## WORK TASK
Produce a faithful copy of the data, one that leaves out the pictures.

## GIVEN DATA

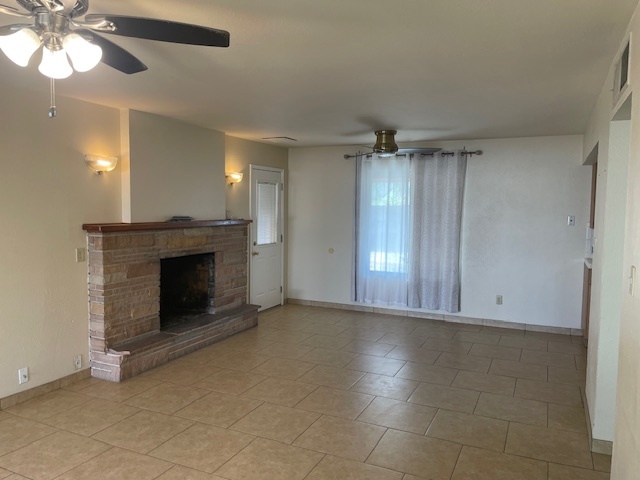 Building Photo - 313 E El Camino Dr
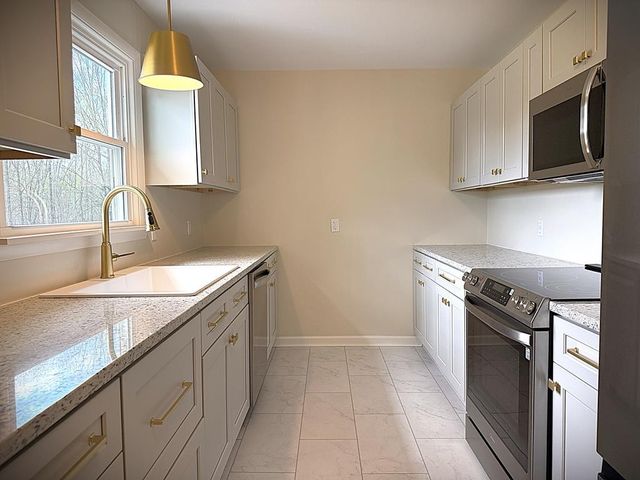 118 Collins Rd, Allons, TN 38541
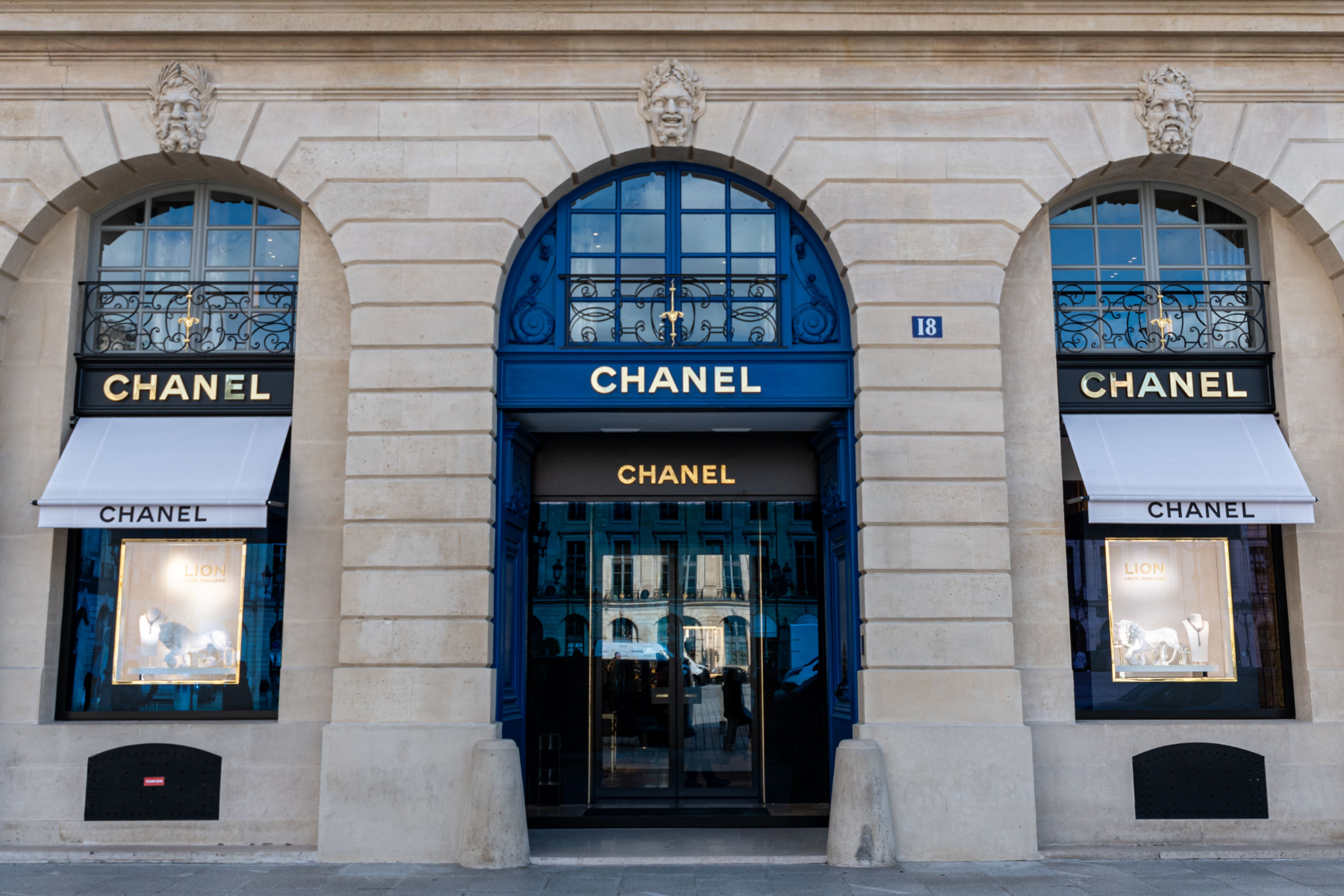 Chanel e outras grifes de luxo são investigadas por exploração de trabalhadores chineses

## RESPONSE AREA
 Building Photo - 313 E El Camino Dr
 118 Collins Rd, Allons, TN 38541
 Chanel e outras grifes de luxo são investigadas por exploração de trabalhadores chineses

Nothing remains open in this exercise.